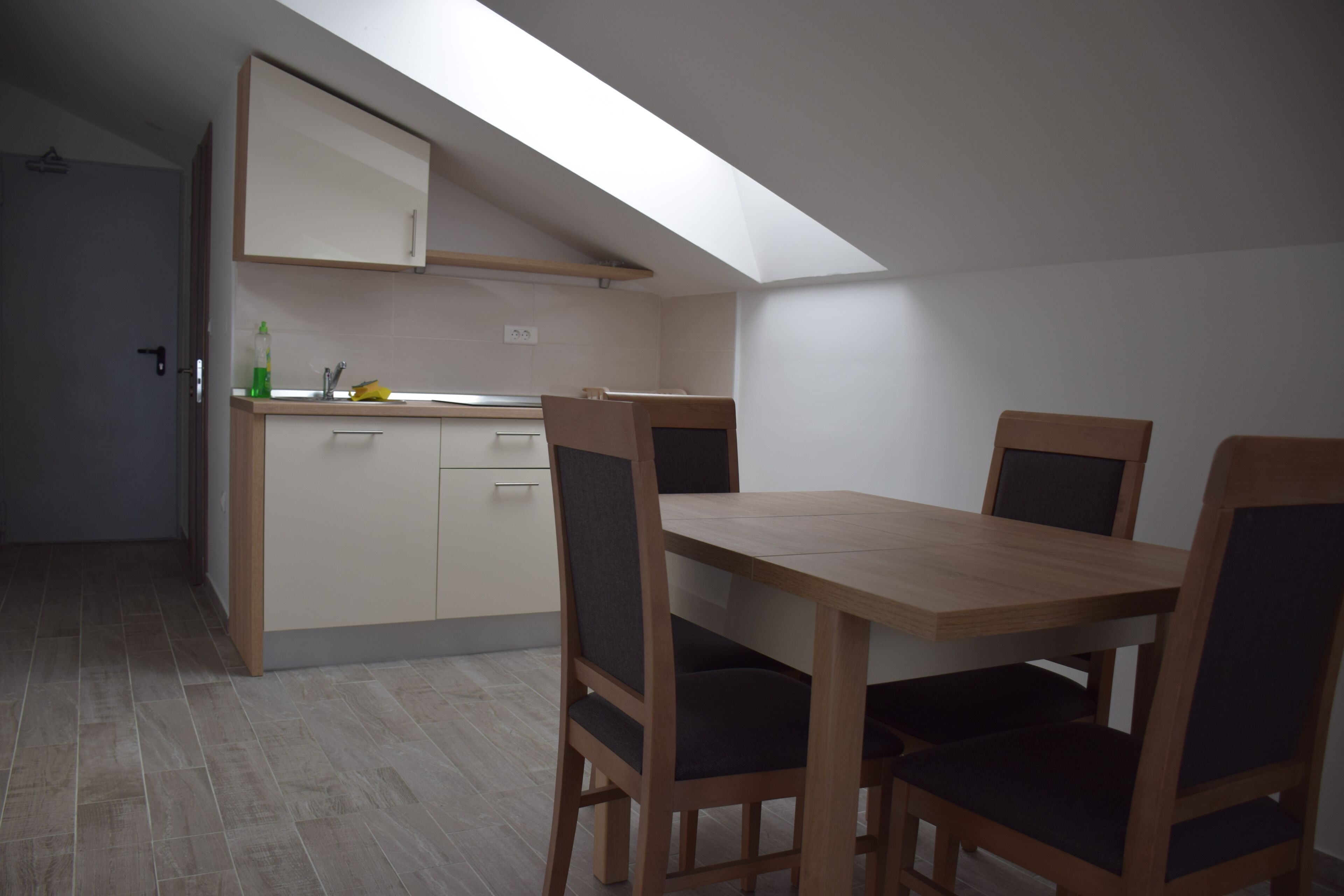 A compact kitchen with a dining area, a skylight, and a door leading to another room.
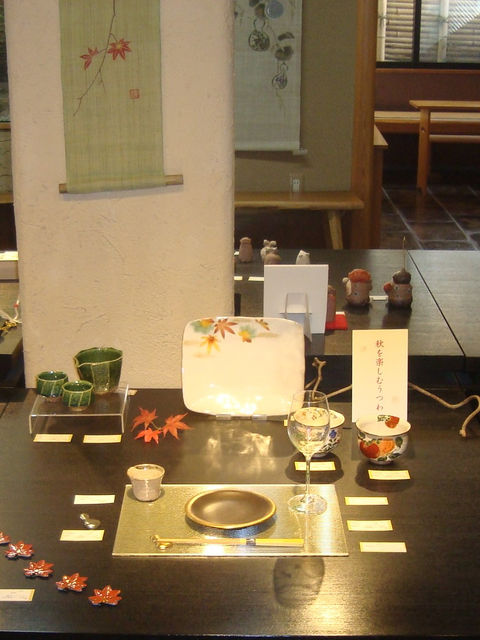 紅葉の枝を添え、緑や赤の器と盃を黒い台に並べた秋の展示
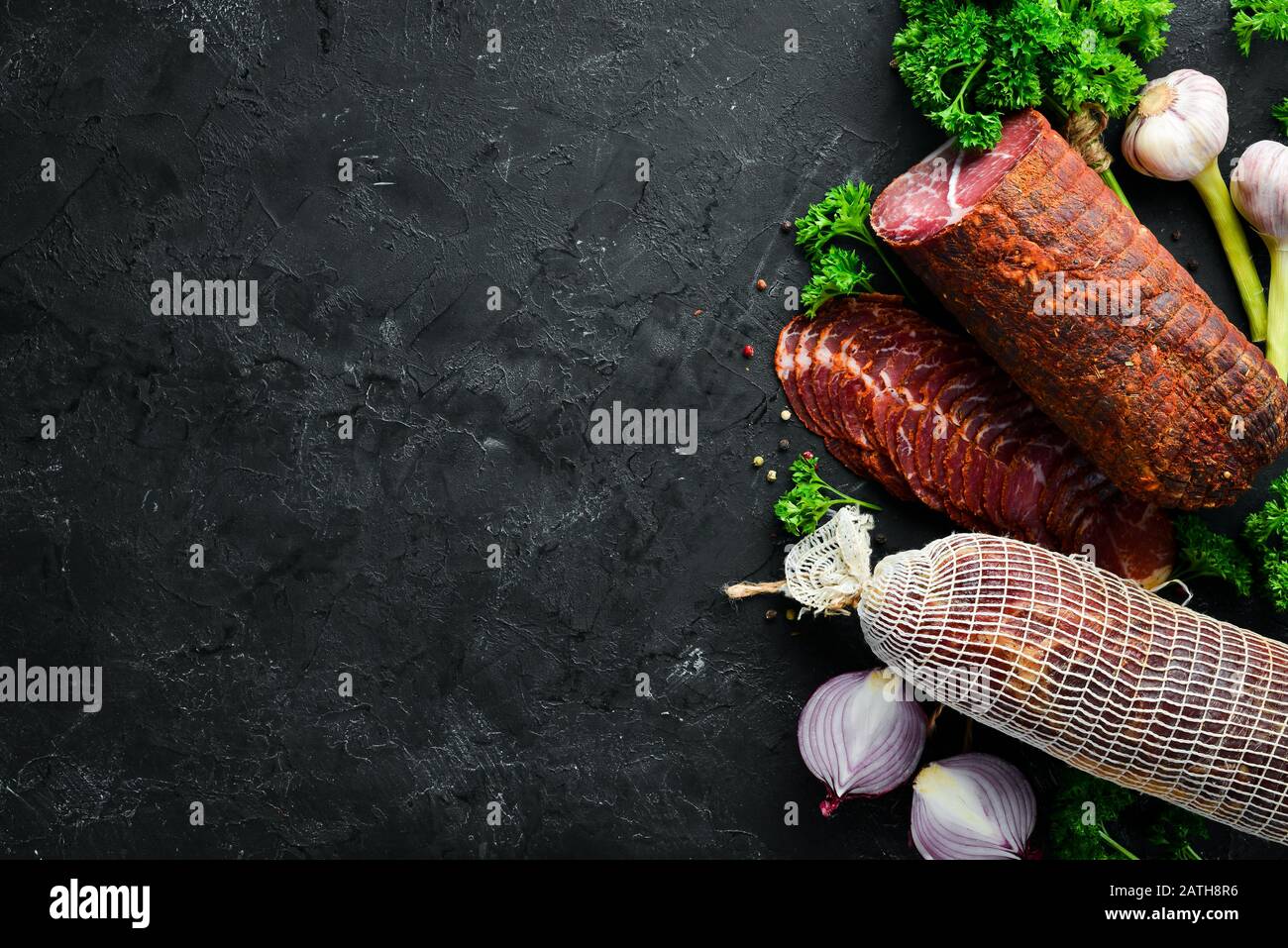 Getrocknetes Kalbsfleisch mit Gewürzen und Kräutern. Rindfleisch auf altem schwarzen Tisch ruckartig. Draufsicht. Freier Speicherplatz für Ihren Text. Stockfoto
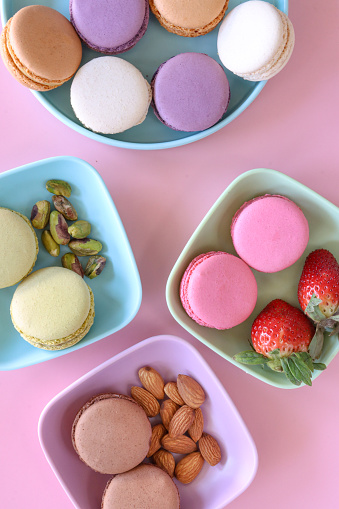 Stock photo showing close-up view of a serving plate of multi coloured macarons on a pink background. Pink strawberry meringues are served on a plate with strawberries, green pistachio with pistachio nuts and brown chocolate with almonds.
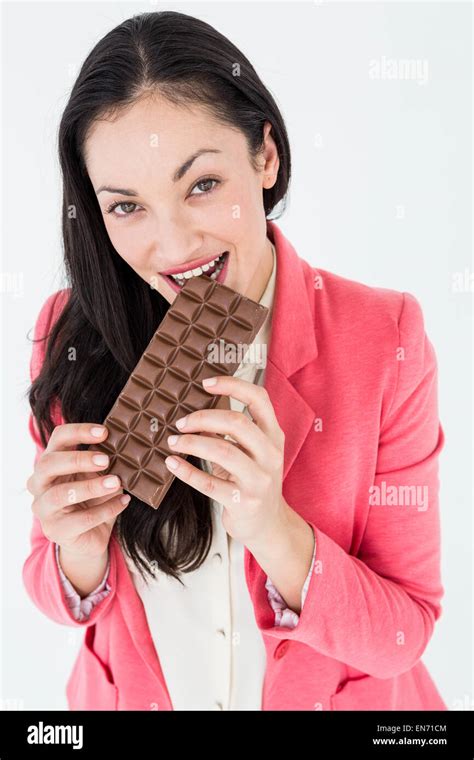 Smiling Brunette Biting Bar Of Chocolate Stock Photo Alamy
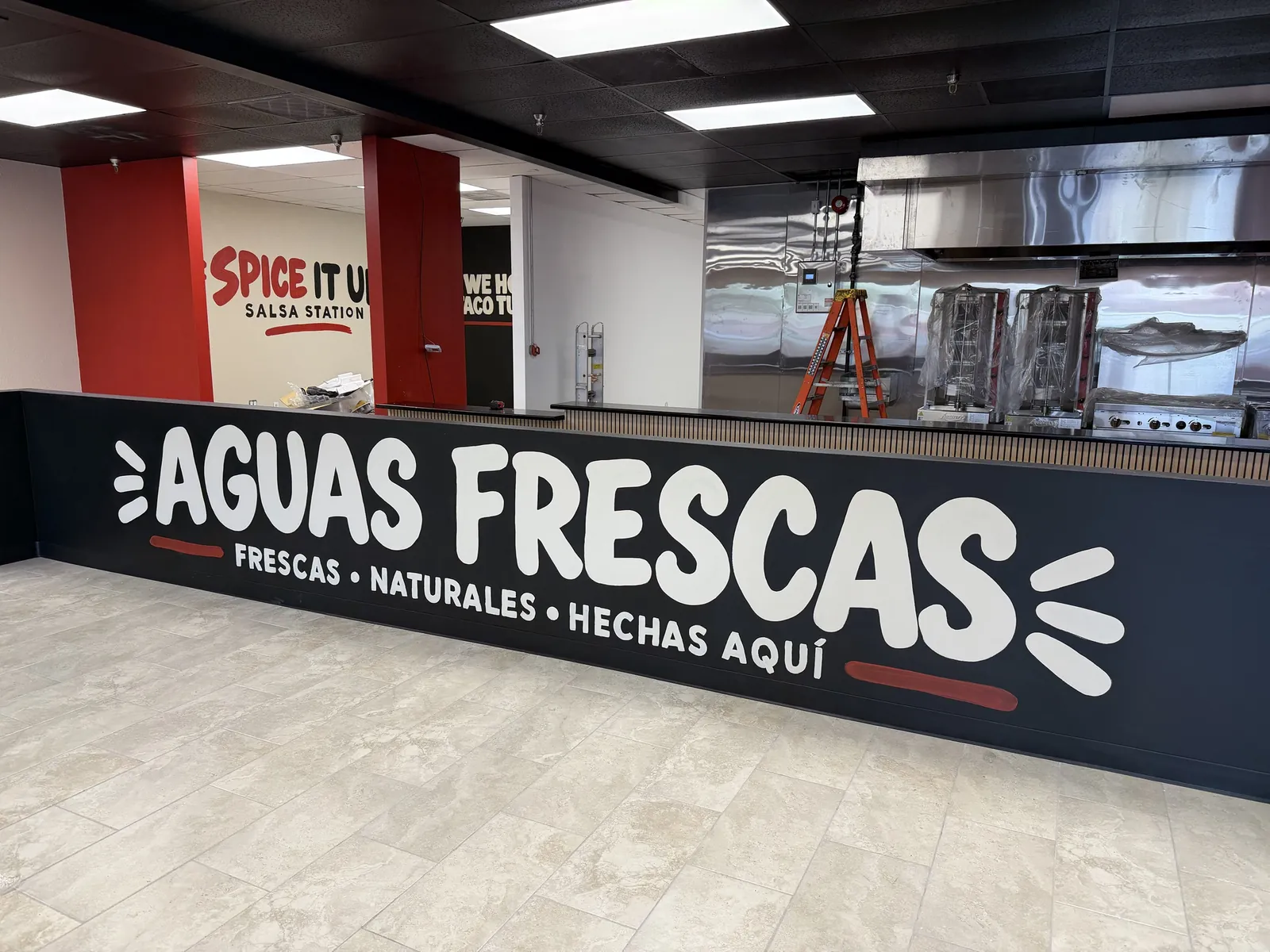 La Flama Taqueria's black order counter painted with Aguas Frescas, with red walls and the salsa station behind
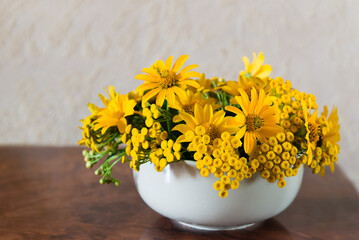 Bouquet of bright different yellow flowers on a table	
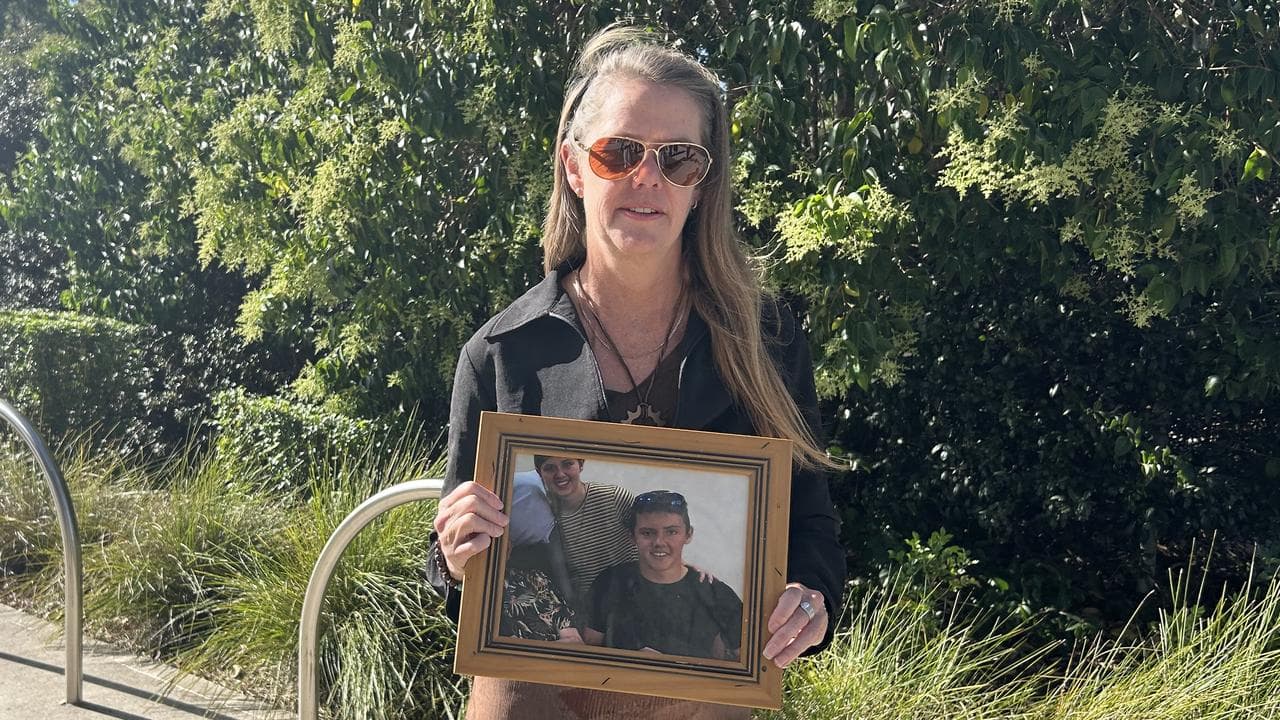 Myfanwy Webb holds a photo of her son Jeremy Webb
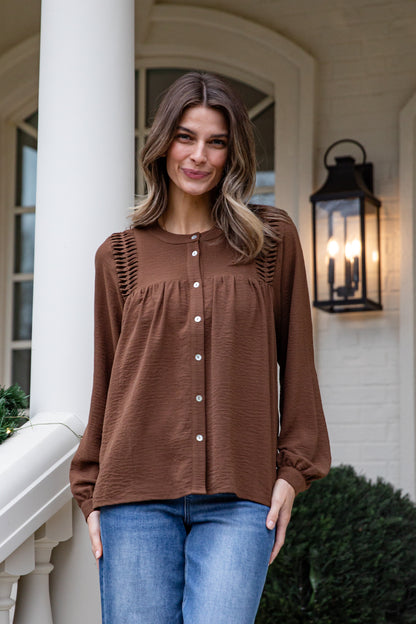 Woman wearing a brown blouse and blue jeans standing on a porch.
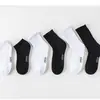 Meias Esportivas Masculinas Lisas 2025 Atacado Meias Masculinas de Cano Médio Outono e Inverno Absorventes de Suor Meias de Basquete Masculinas Antiderrapantes
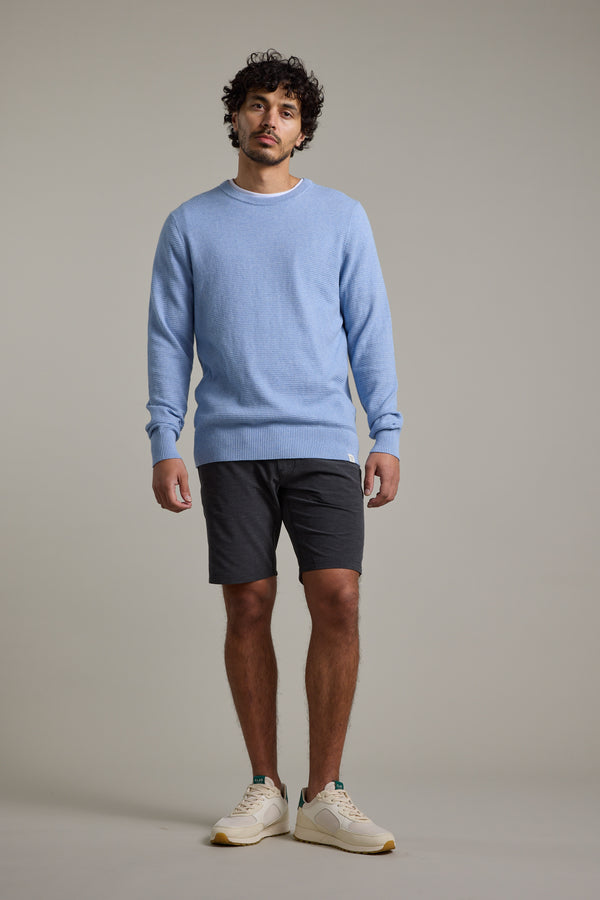 A man with short curly hair stands against a plain background, wearing the Barkers Dunes Texture Crew sweater in light blue, paired with dark gray shorts and white sneakers. He looks relaxed, arms resting at his sides.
□ □ □ □
_About this exercise_:
Wherever a picture appears, omit it; copy the rest of the data exactly.

_Solved problem_:
 A compact kitchen with a dining area, a skylight, and a door leading to another room.
 紅葉の枝を添え、緑や赤の器と盃を黒い台に並べた秋の展示
 Getrocknetes Kalbsfleisch mit Gewürzen und Kräutern. Rindfleisch auf altem schwarzen Tisch ruckartig. Draufsicht. Freier Speicherplatz für Ihren Text. Stockfoto
 Stock photo showing close-up view of a serving plate of multi coloured macarons on a pink background. Pink strawberry meringues are served on a plate with strawberries, green pistachio with pistachio nuts and brown chocolate with almonds.
 Smiling Brunette Biting Bar Of Chocolate Stock Photo Alamy
 La Flama Taqueria's black order counter painted with Aguas Frescas, with red walls and the salsa station behind
 Bouquet of bright different yellow flowers on a table	
 Myfanwy Webb holds a photo of her son Jeremy Webb
 Woman wearing a brown blouse and blue jeans standing on a porch.
 Meias Esportivas Masculinas Lisas 2025 Atacado Meias Masculinas de Cano Médio Outono e Inverno Absorventes de Suor Meias de Basquete Masculinas Antiderrapantes
 A man with short curly hair stands against a plain background, wearing the Barkers Dunes Texture Crew sweater in light blue, paired with dark gray shorts and white sneakers. He looks relaxed, arms resting at his sides.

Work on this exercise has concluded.